Um dos elementos mais celebrados da versão de 1977 é a trilha sonora, da banda progressiva Goblin. Ela aparece no longa, mas só de maneira indireta, a caráter de mera citação. A música, desta vez, ficou a cargo de Thom Yorke, do grupo Radiohead.
“Achei que eram loucos”, diz Yorke, sobre sua reação ao ser chamado para compor para o remake. “Não me identifiquei [com a música do original], a não ser com o uso de repetições [na estrutura]. Você chega ao ponto de dizer: ‘por favor, não quero mais ouvir isso!’. Mas foi bem o que me interessou, porque pareciam a repetição de feitiços. E é o que pensei que eu estava fazendo enquanto trabalhei na música do filme: feitiços”, diz o cantor.
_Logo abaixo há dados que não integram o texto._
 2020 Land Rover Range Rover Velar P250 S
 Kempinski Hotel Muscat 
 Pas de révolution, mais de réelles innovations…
Mesmo com uma música tão moderna, o filme exibido em Veneza é muito bem-sucedido ao transmitir uma sensação de volta ao passado. Os anos 1970 são recriados com muita perícia, nos cenários, figurinos e opções estilísticas.
“Foi também um período importante para as revoltas femininas, na Itália em especial”, pontuou o diretor, provavelmente querendo dizer que seu longa é um aceno às reivindicações inclusivas das mulheres no mundo de hoje. E, de fato, ele apresenta em "Suspiria" uma grande galeria de mulheres poderosas, ativas e donas de si (e que também são bruxas, o que não corresponde exatamente à melhor das representações femininas, mas isso o diretor deve ter achado só um detalhe).
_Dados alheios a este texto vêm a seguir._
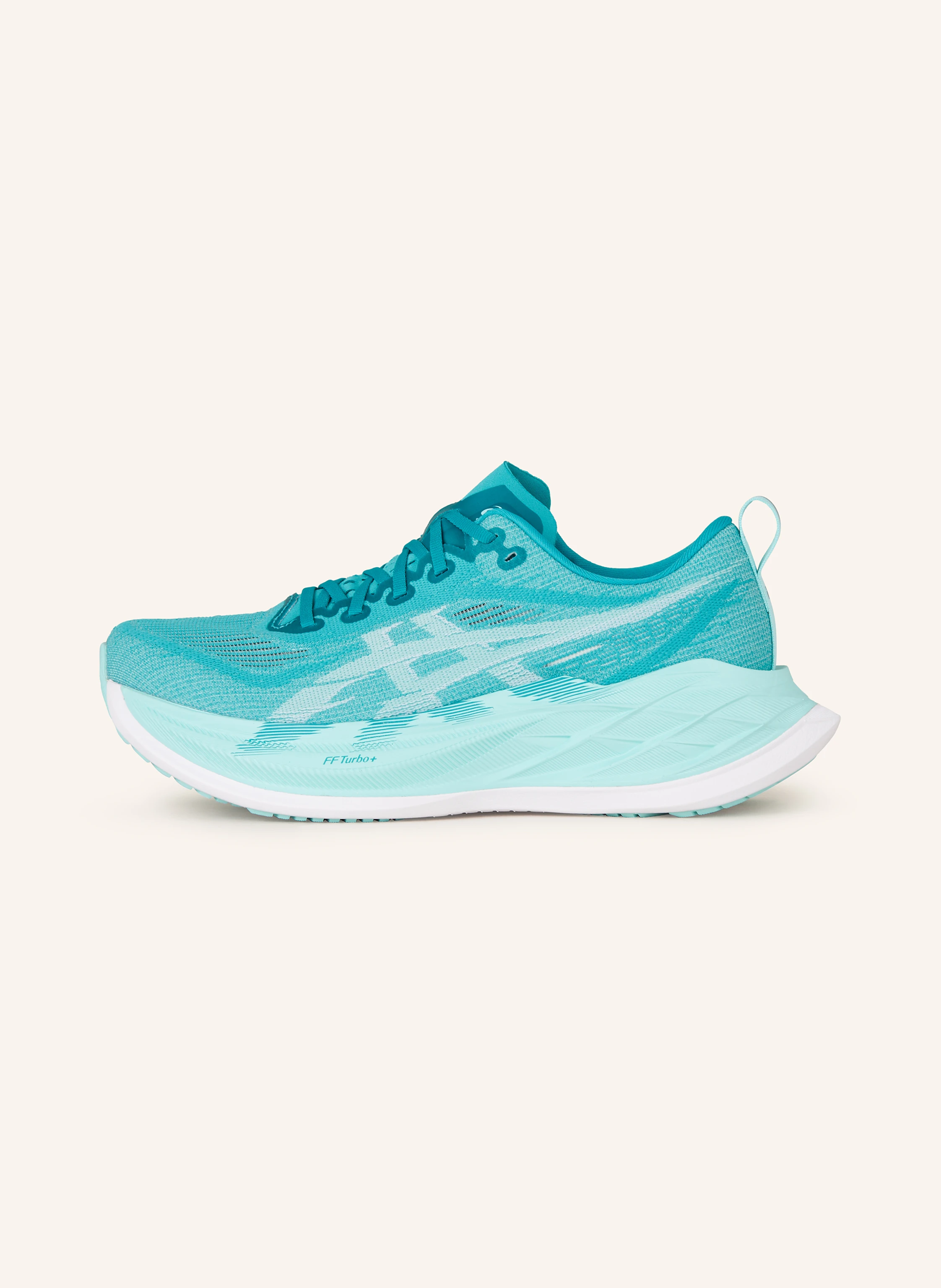 ASICS Laufschuhe SUPERBLAST 2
Guadagnino contou que a ideia de “Suspiria” surgiu de sua própria paixão por Dario Argento. “Amo Dario, todos amamos! Eu não estaria aqui hoje se não fosse por ele. Sou um stalker dos meus mestres, e Dario é um deles”, diz o cineasta.
Percebe-se que Guadagnino “stalkeou” com atenção a filmografia do ídolo. Em vários momentos de “Suspiria”, percebem-se alusões à estética de Argento, com o uso expressivo das cores, movimentos de câmera setentistas e um certo prazer em estilizar a violência. Mas não há uma busca por “imitar” o estilo do veterano; Guadagnino é um artista visual imponente demais para se contentar em apenas repetir o que outros criadores fazem.
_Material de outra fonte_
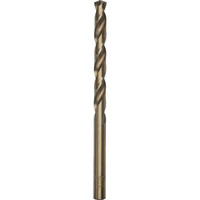 Сверло по металлу HSS-Co 6,5х63x101 (Makita) D-17398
E, em pelo menos uma sequência, ele supera o mestre: na cena, Susie dança para a turma pela primeira vez, no salão principal, ao mesmo tempo em que uma ex-bailarina, presa em uma sala de espelhos, tem o corpo destroçado pelos movimentos da coreografia apresentada pela americana. É de uma violência ao mesmo tempo brutal, plástica e cômica. E há também cenas de pesadelos eróticos de Susie que figuram entre o que Guadagnino já fez de melhor em sua carreira.
Mas fora isso, o diretor parece errar a mão em quase tudo. Guadagnino jamais consegue a mesma fluência de seus outros trabalhos, e muitas cenas parecem mal editadas. E o que é pior: o longa não tem o menor senso de unidade; atira para todos os lados, na estética e no conteúdo.
Falta um conceito de fato consolidado por trás do projeto. Da trama, não se pode falar muito para não cometer spoilers, mas, unindo os elementos espalhados pelo filme, pode-se concluir que seja uma história sobre a chegada da morte. E também sobre a força e o caráter místico (e por vezes destrutivo) do feminino. E há ainda uma tentativa de relacionar bruxaria com governos autoritários. Mas as ideias estão muito pulverizadas, em pontos muito distantes; “Suspiria” é um filme tão disperso que a parte final já nem parece parte do mesmo longa do início.
Dario Argento nunca se preocupou muito com o fundo de seus filmes; seu prazer (e o do público) sempre foi o da fruição estética daquilo que ele colocava em cena, sempre de forma tão autêntica. Guadagnino, ao contrário, muitas vezes conseguiu dominar forma e conteúdo, de maneira uniforme. Desta vez, porém, não foi feliz em uma coisa nem em outra.
“Os filmes são feitos e depois seguem independentes das intenções do realizador”, disse o cineasta à imprensa. Talvez ali esteja a resposta de seu insucesso: o filme tomou caminhos tão próprios que fugiu por completo ao seu controle.